Tuesday, February 12, 2013

Dallas PD to document consent to search at traffic stops

Thomas Paine admonished that time makes more converts than reason, and that's certainly been the case with law enforcement policies related to consent searches. In 2005, Governor Perry vetoed legislation requiring police to get written or recorded consent for vehicle searches at traffic stops if they didn't have probable cause. Now, Dallas is about to become the latest Texas city to adopt such a policy anyway. Reported the Dallas News ("Dallas police to get written or recorded consent before searches," Feb. 12):
A new Dallas police policy that requires officers to obtain recorded or written consent for consensual searches could be in place within two weeks, Chief David Brown said Monday.

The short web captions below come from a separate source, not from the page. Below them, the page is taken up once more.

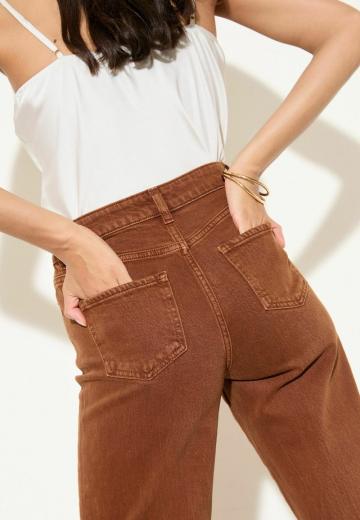 Клешеные джинсы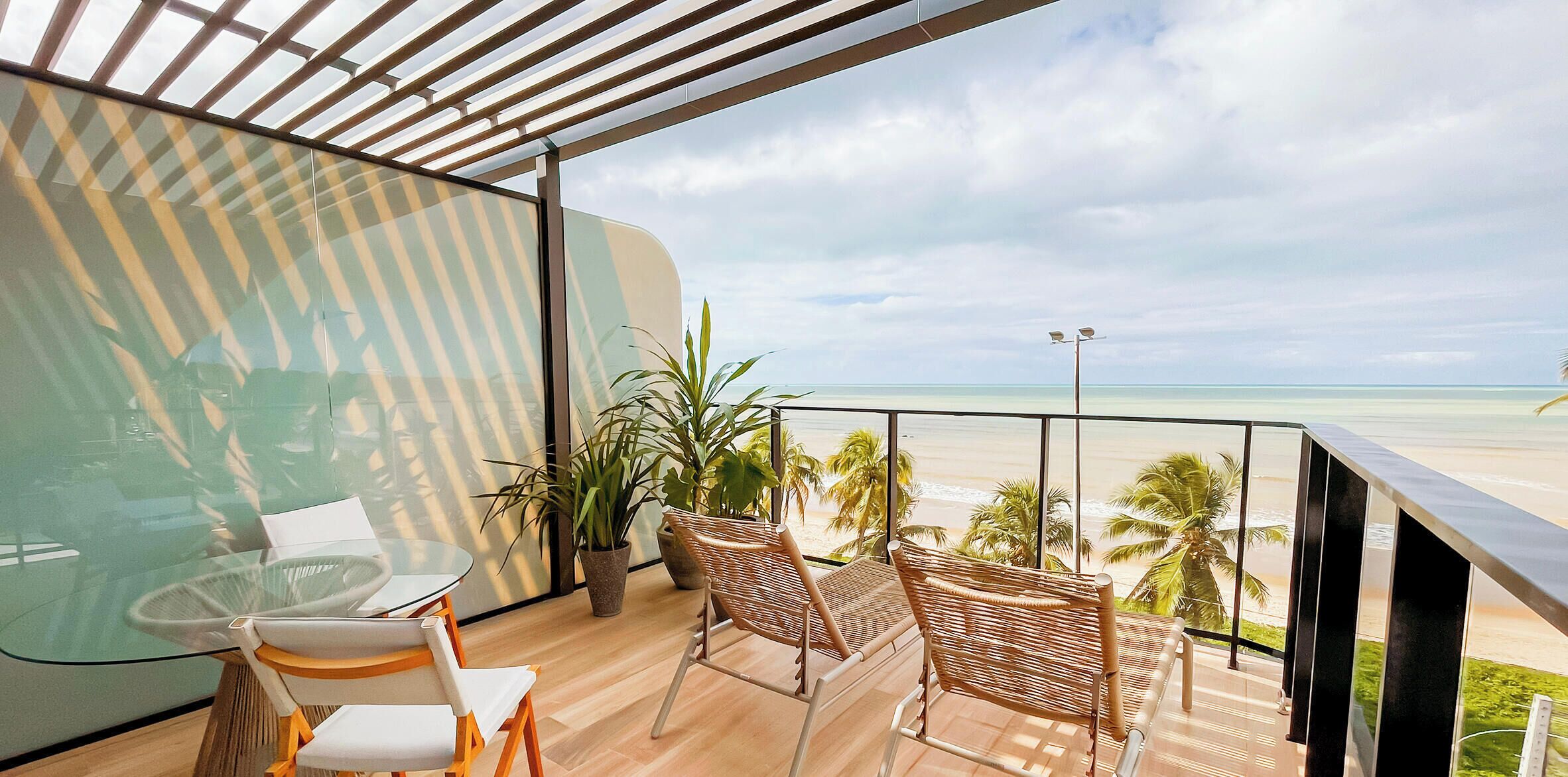 Deluxe Apartment, 1 Queen Bed | Beach/ocean view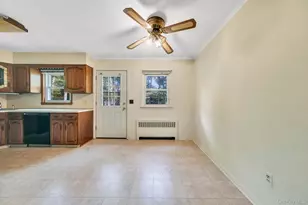 175 Pleasant St, Ronkonkoma, NY 11779 - Photo 15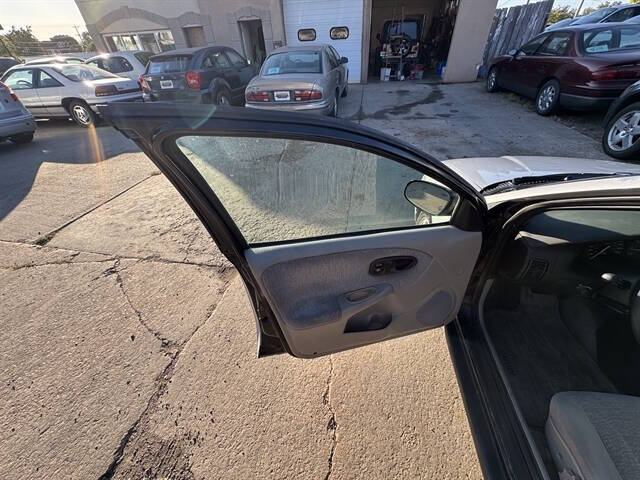 2002 Saturn S-Series SL2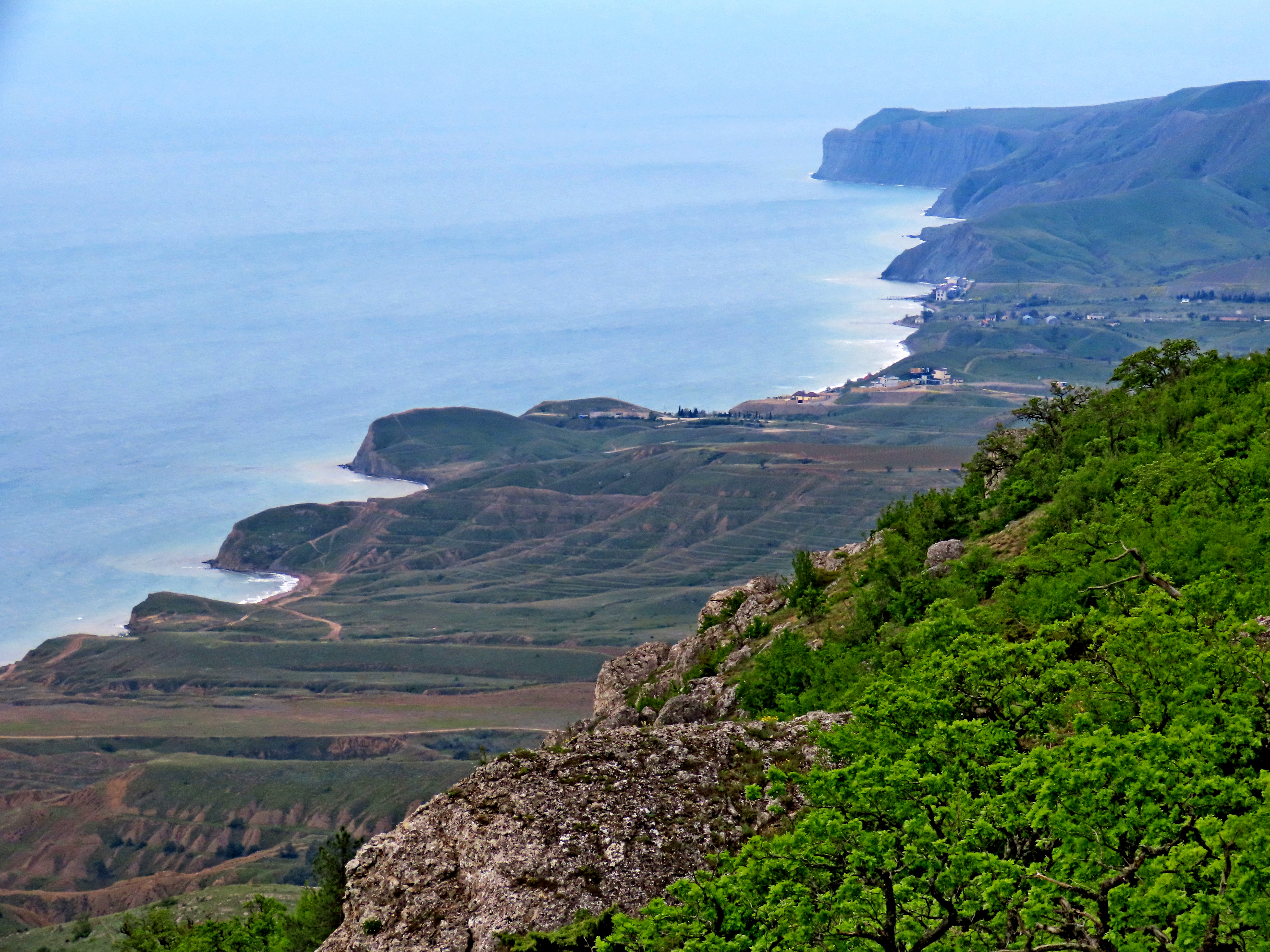 Вид на Кара-Даг, Лисью бухту и Меганом со скальных вершин Эчки-Дага.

The policy is one of several initiatives that Brown announced in the summer following a string of shootings involving police, including a fatal shooting of a suspected drug dealer that nearly sparked a riot in the Dixon Circle community of South Dallas in July.

Brown made the announcement during a City Council Public Safety Committee meeting on Monday. He said many of the racial profiling complaints the department receives each year are tied to traffic stops involving a search.

He said that even though fewer than 5 percent of all traffic stops result in a search, “perception-wise, racial profiling really boils down to a person wanting to know, ‘Why did I have to be searched given I was just stopped for a traffic stop?’”

The policy will apply to all forms of consensual searches without warrants, though it is likely that it will more commonly come into play in cases involving vehicle searches.
Austin PD last year reinstated a written consent policy that had been enacted several years before then was quietly scuttled. The policy was brought back last summer to counter recurring allegations of racial profiling: In 2011, one in eight traffic stops by Austin police involving black folks resulted in searches compared with one in 28 among white people.

Kudos to Dallas PD on taking this step and let's hope other jurisdictions follow suit.